[Crawled caption data]
◆ ◆ ◆

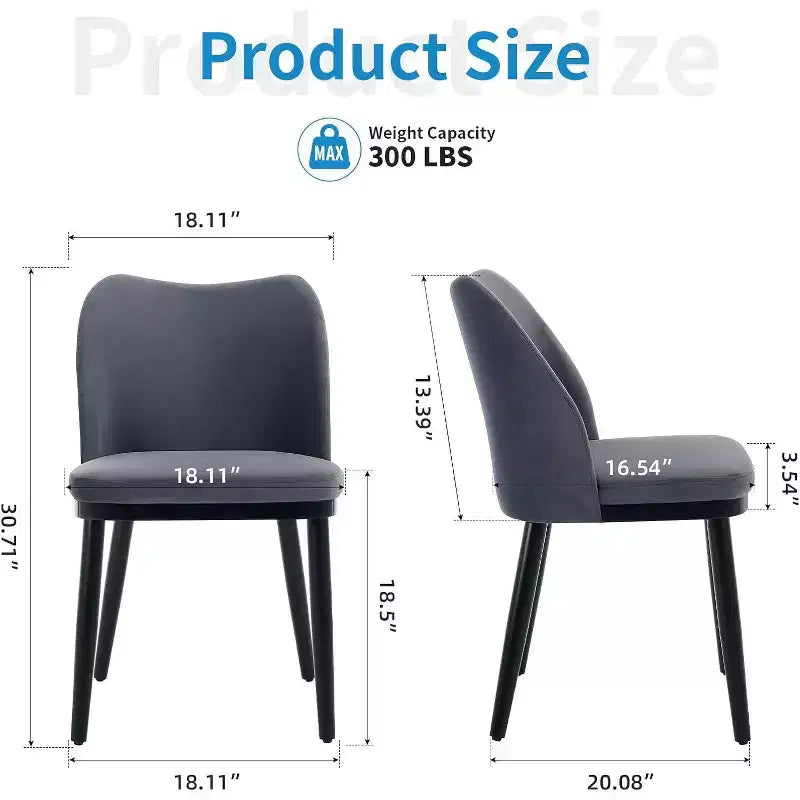 Acekool Modern Dining Chairs Set: Neutral Upholstered Seats, Wood Legs, Easy Assembly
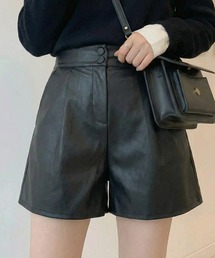 ハイウエストレザーショートパンツ
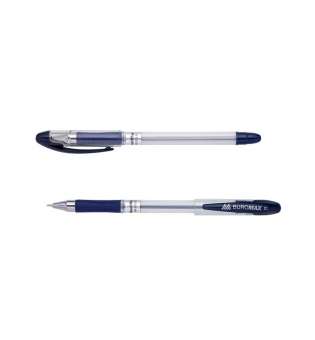 Ручка масляна MaxOFFICE, 0,7 мм, гум. грип, пласт. корпус, сині чорнила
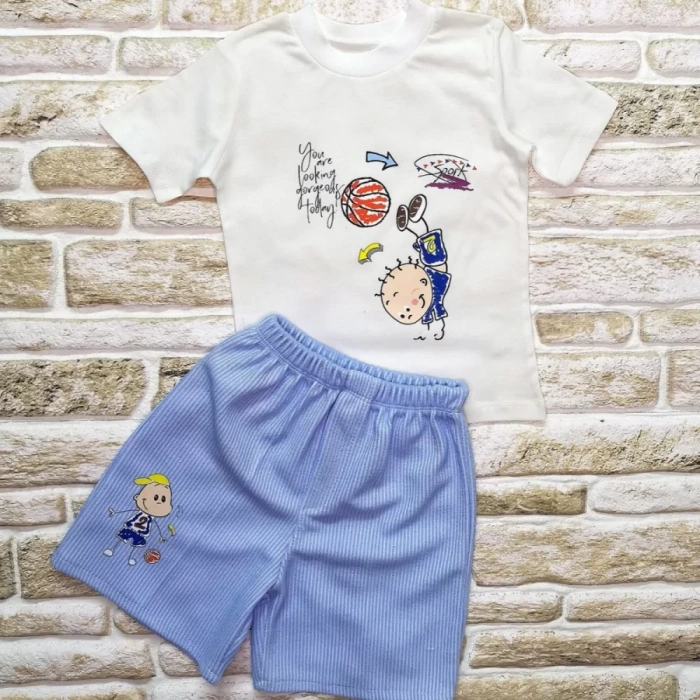 1-2-3 Yaş Topçu Erkek Çocuk Baskılı Şortlu Kısa Kollu Tişört 2Li Erkek Bebek Takımı Beyaz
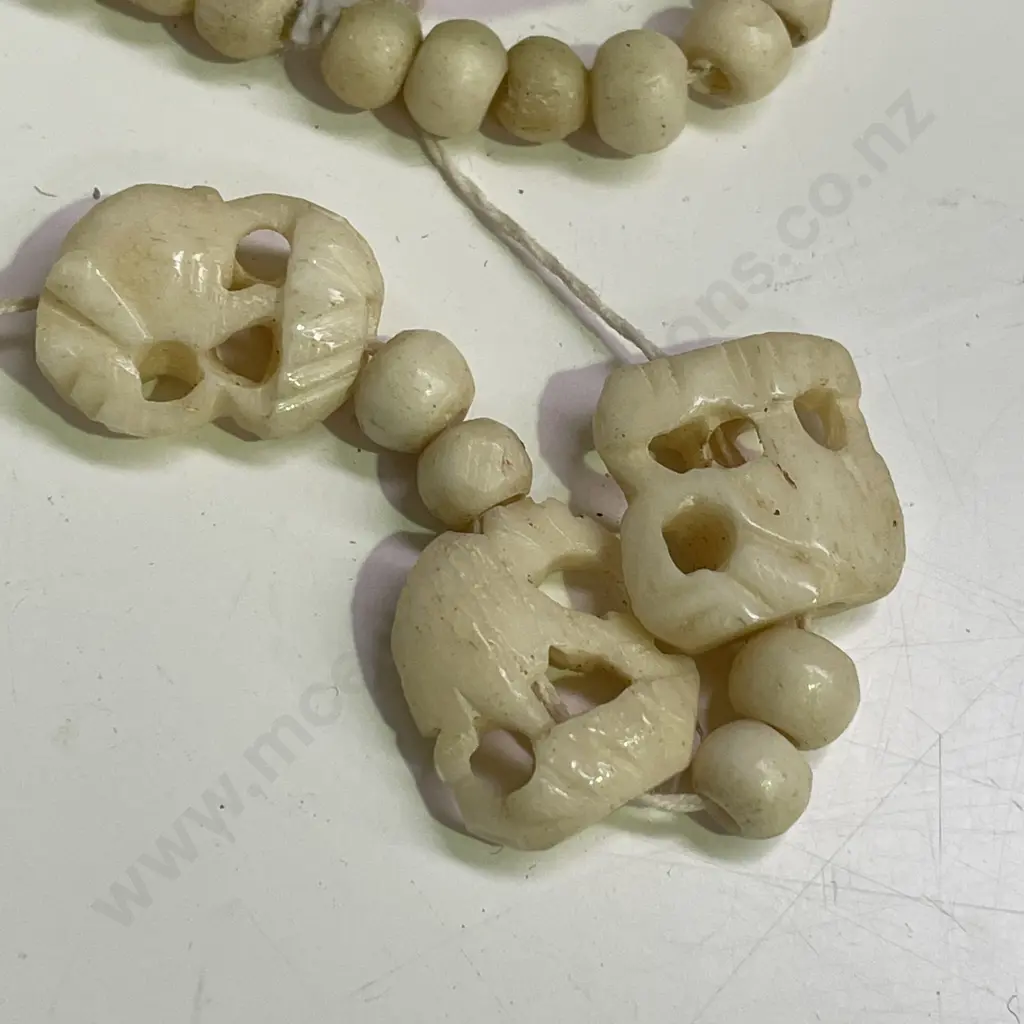 Carved Elephant and Beaded ivory necklace Image 1++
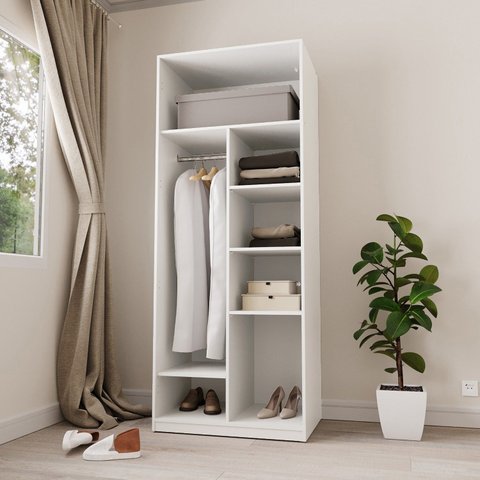 Guarda-Roupa Modular 80cm sem Portas com Prateleiras Jade CabeCasa MadeiraOriginals Branco/Fosco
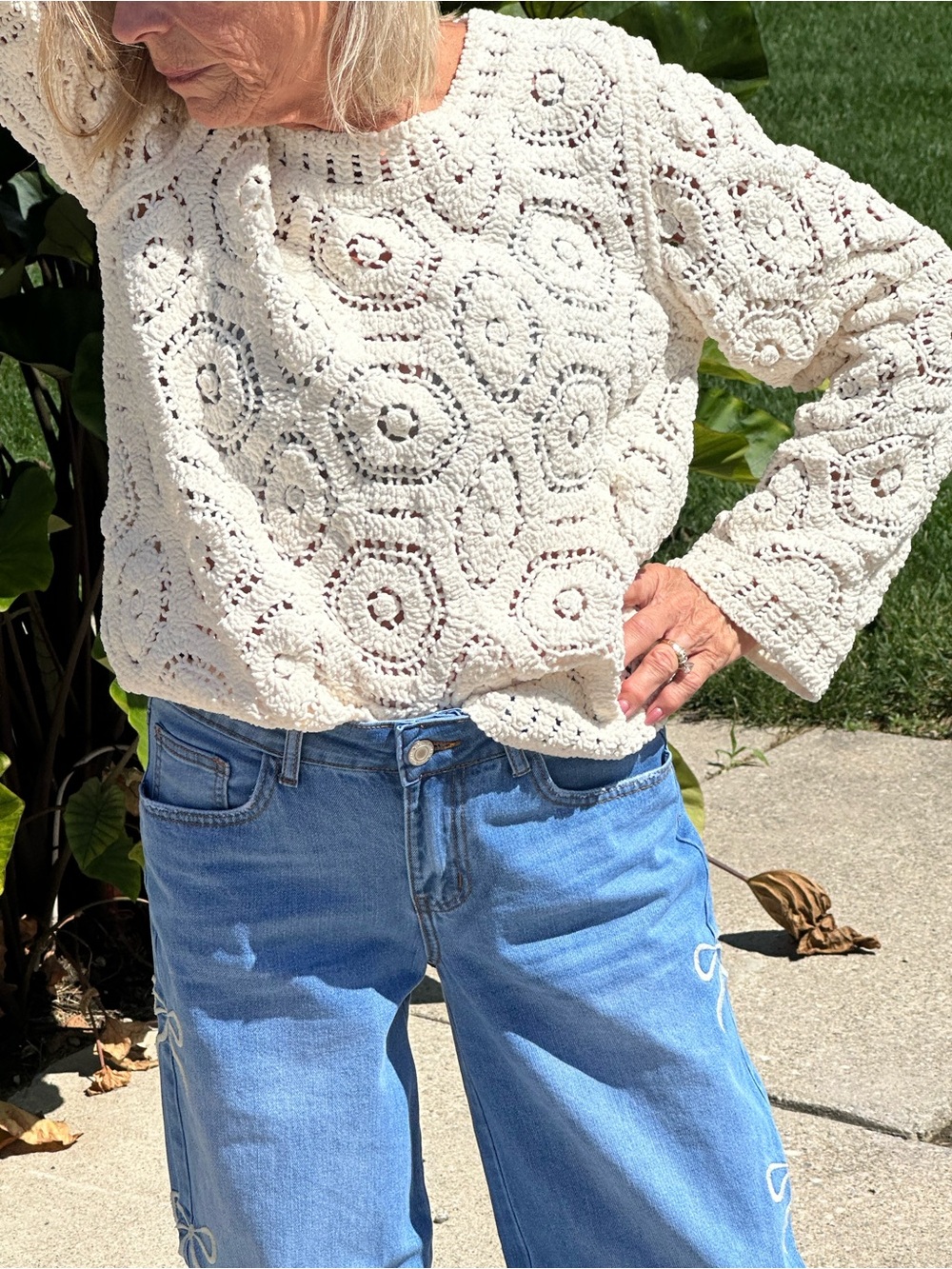 Boho Crochet Sweater Cream Open Knit Medallion Texture S-M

◆ ◆ ◆

* **TO DO**: Write out exactly the lines from the line holding "ハイウエストレザーショートパンツ" through the last line of the records above, inclusive, and nothing more. Leave out the pictures.

* **WRITTEN SOLUTION**:
 ハイウエストレザーショートパンツ
 Ручка масляна MaxOFFICE, 0,7 мм, гум. грип, пласт. корпус, сині чорнила
 1-2-3 Yaş Topçu Erkek Çocuk Baskılı Şortlu Kısa Kollu Tişört 2Li Erkek Bebek Takımı Beyaz
 Carved Elephant and Beaded ivory necklace Image 1++
 Guarda-Roupa Modular 80cm sem Portas com Prateleiras Jade CabeCasa MadeiraOriginals Branco/Fosco
 Boho Crochet Sweater Cream Open Knit Medallion Texture S-M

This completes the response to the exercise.